**What to do**
Retype the listing exactly as it stands, and keep every image out.

**Data excerpt**
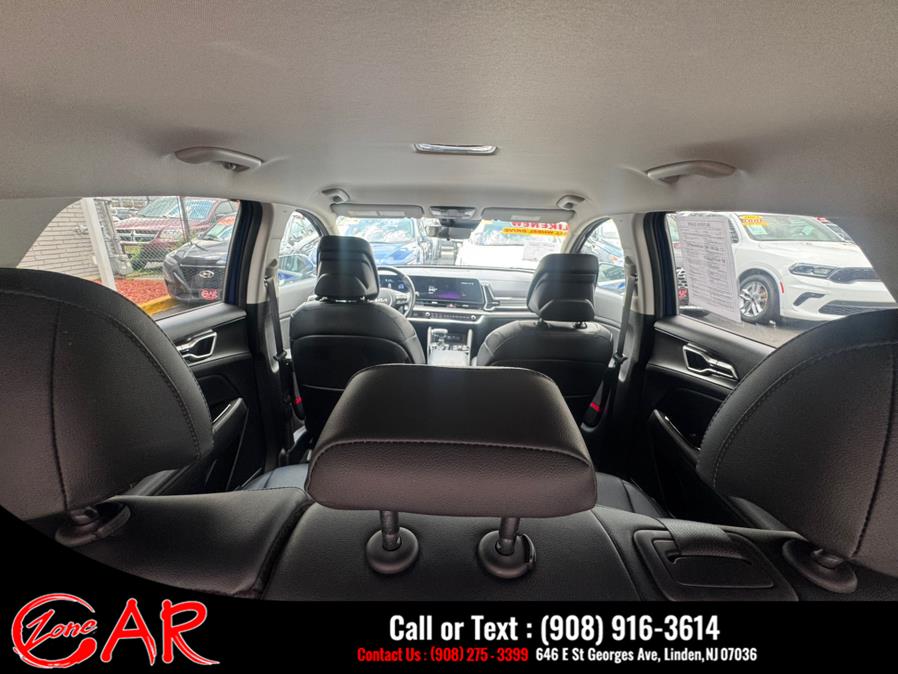 2023 Kia Sportage EX AWD, available for sale in Linden, New Jersey | Car Zone. Linden, New Jersey 2023 Kia Sportage EX AWD, available for sale in Linden, New Jersey | Car Zone. Linden, New Jersey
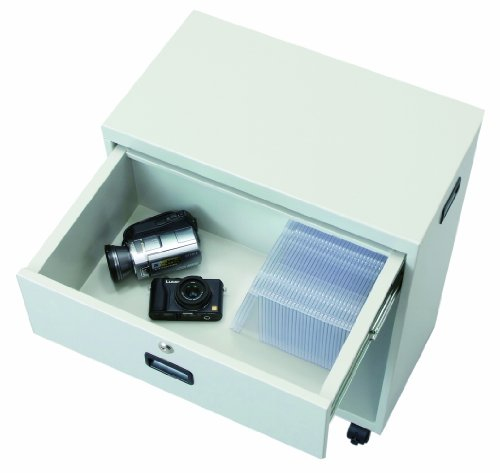 デスクターナ・引出し付 ND-H722【マイナンバー推奨商品】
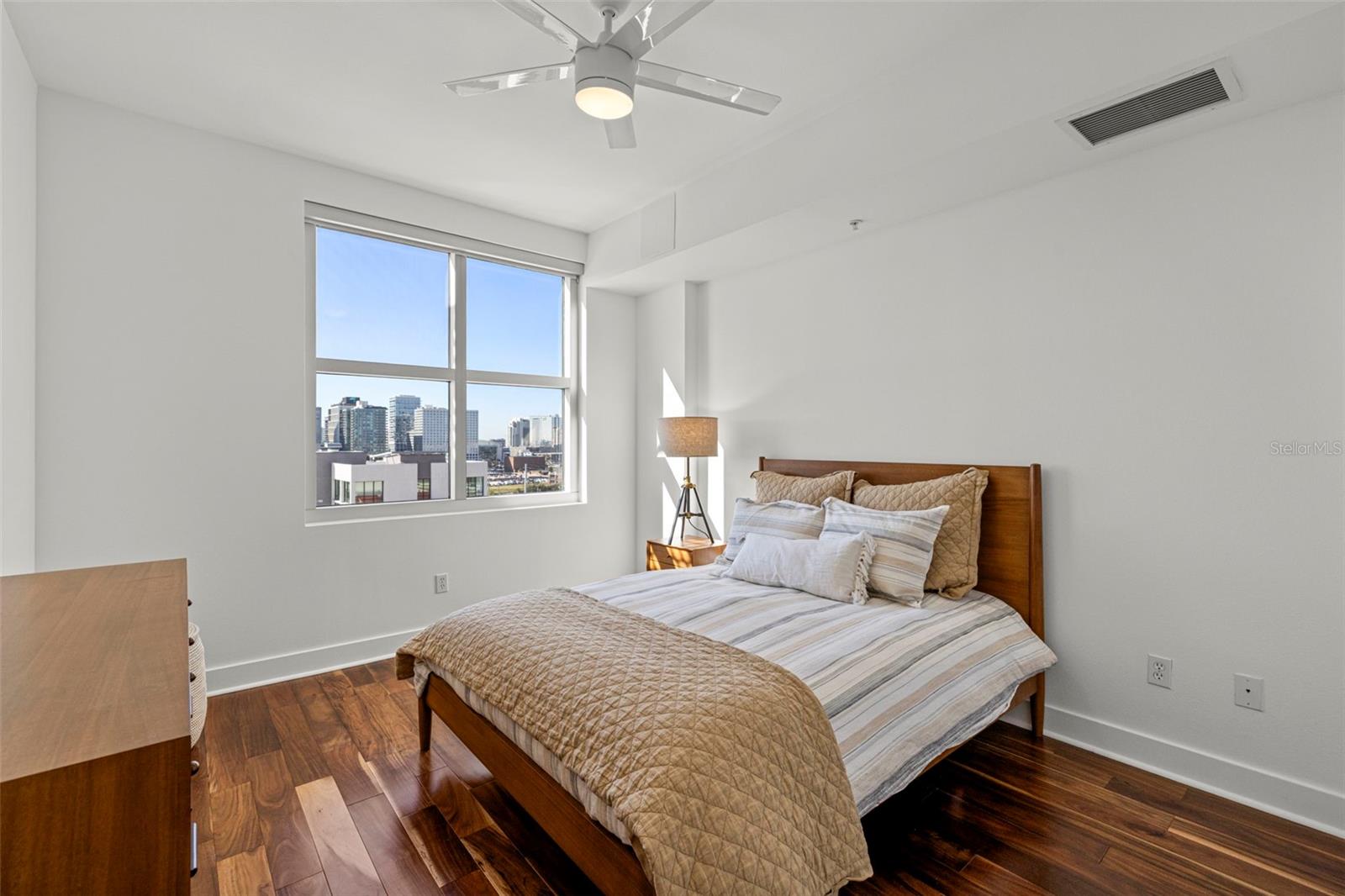 GRAND CENTRAL AT KENNEDY RESID - Residential
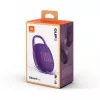 JBL Clip 5 kannettava kaiutin violetti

**Problem solution**
 2023 Kia Sportage EX AWD, available for sale in Linden, New Jersey | Car Zone. Linden, New Jersey 2023 Kia Sportage EX AWD, available for sale in Linden, New Jersey | Car Zone. Linden, New Jersey
 デスクターナ・引出し付 ND-H722【マイナンバー推奨商品】
 GRAND CENTRAL AT KENNEDY RESID - Residential
 JBL Clip 5 kannettava kaiutin violetti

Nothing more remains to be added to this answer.